The National Labor Committee has posted an action alert that shows just how much CAFTA has not lifted all boats, but to the contrary is creating pressures to capsize the whole working class flotilla:

First it was Alcoa workers in Mexico who were pitted against lower wage Honduran workers.  (They were told by Alcoa that they "could hire two Hondurans for every Mexican.")  Now that Alcoa has busted a union organized at its wire harnessing plant in the El Porvenir Free Trade Zone in Honduras--immediately firing all 50-plus union leaders and organizers--local Alcoa management is threatening that if the workers continue to organize, the plant will be shut down and relocated to NICARAGUA, where "labor is cheaper and workers don't make so many demands or cause problems." Alcoa's race to the bottom strategy has spread from the U.S. to Mexico and now to Central America, where under CAFTA the workers are being pitted against each other to work for less and abandon their legal rights...

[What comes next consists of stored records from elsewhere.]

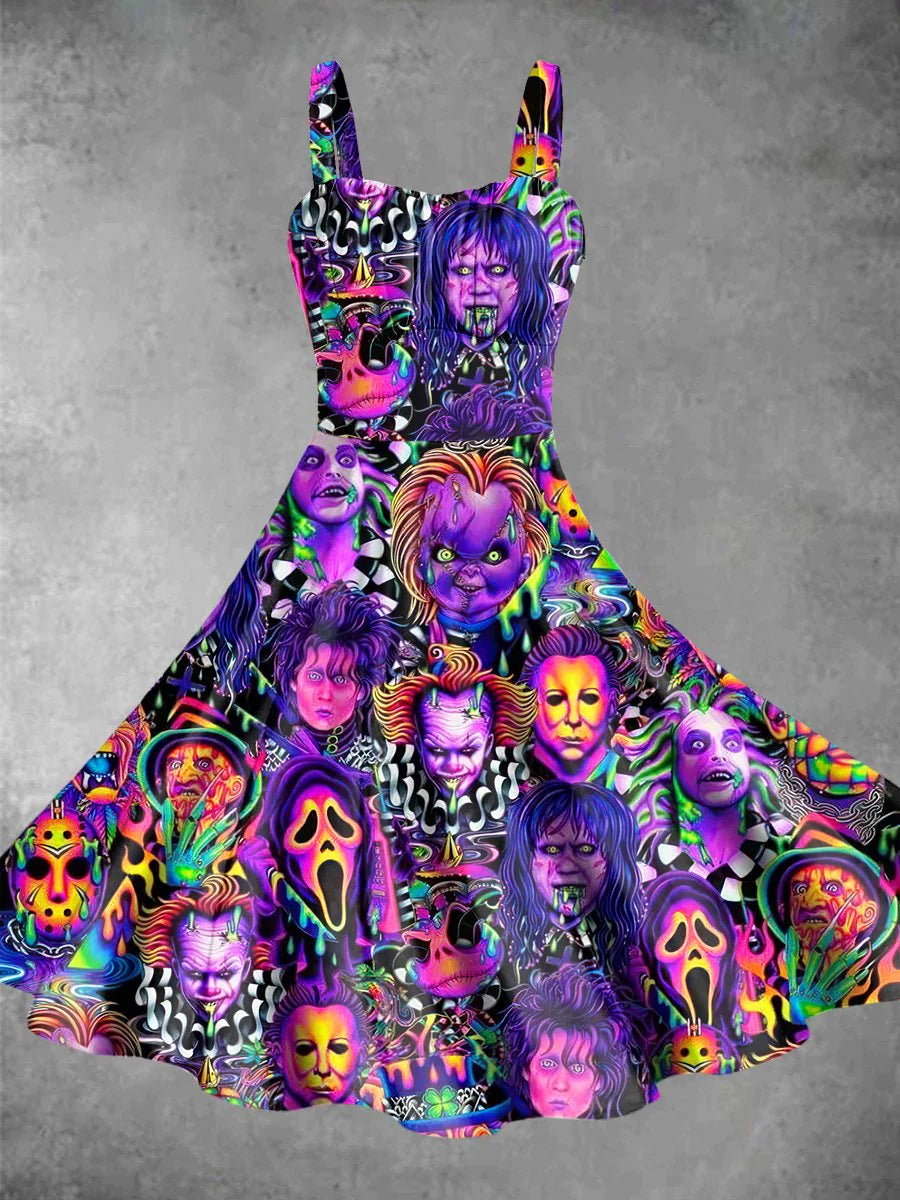 Damenkleider in trendigen Vintage- Retro- und Modern-Designs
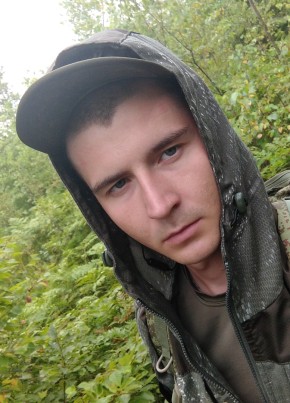 Maks, 23, Россия, Корсаков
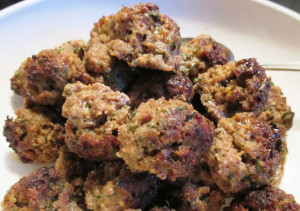 Dad's No Fuss Meatballs, www.goodfoodgourmet.com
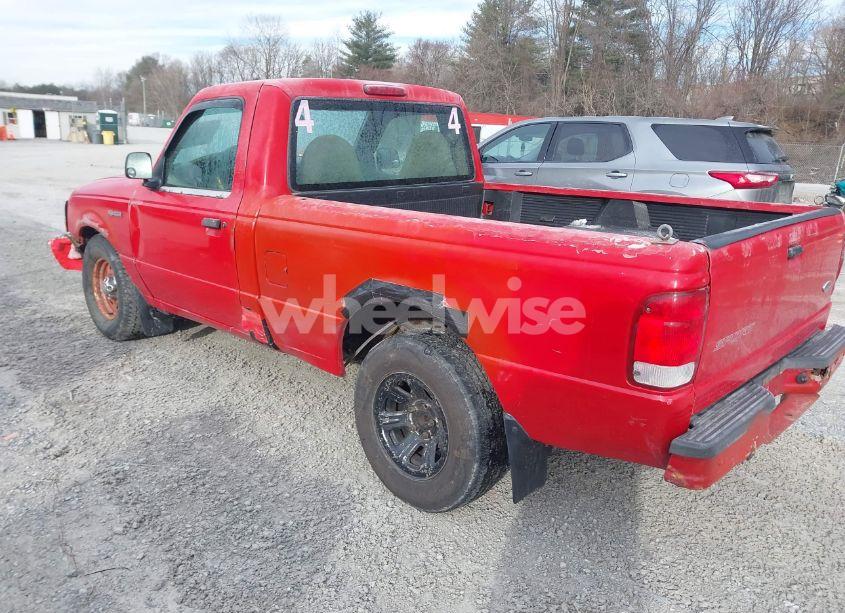 Photo 3 of 2000 Ford Ranger XL/XLT (VIN 1FTYR10CXYTA10179)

In a related CAFTA-esque step backward, the Honduran Government has just reduced the minimum wage in the South of Honduras (including the department of Santa Barbara) from $178 to $136 a month. This is a 24 percent drop in wages, from 74 cents an hour to 57 cents. The largest free trade zone in Central America, the recently completed Green Valley Industrial Park is conveniently located in Santa Barbara to access the 57-cent-an-hour wages.  San Pedro Sula, where the majority of the maquila factories are concentrated, is just 20 miles or so from Santa Barbara.  How long will it be before wages drop in the rest of Honduras? The last time the export factory workers’ wages were at or lower than 57 cents an hour was 5 years ago. Today's 57 cent an hour wage is, in terms of real purchasing power, much lower due to inflation.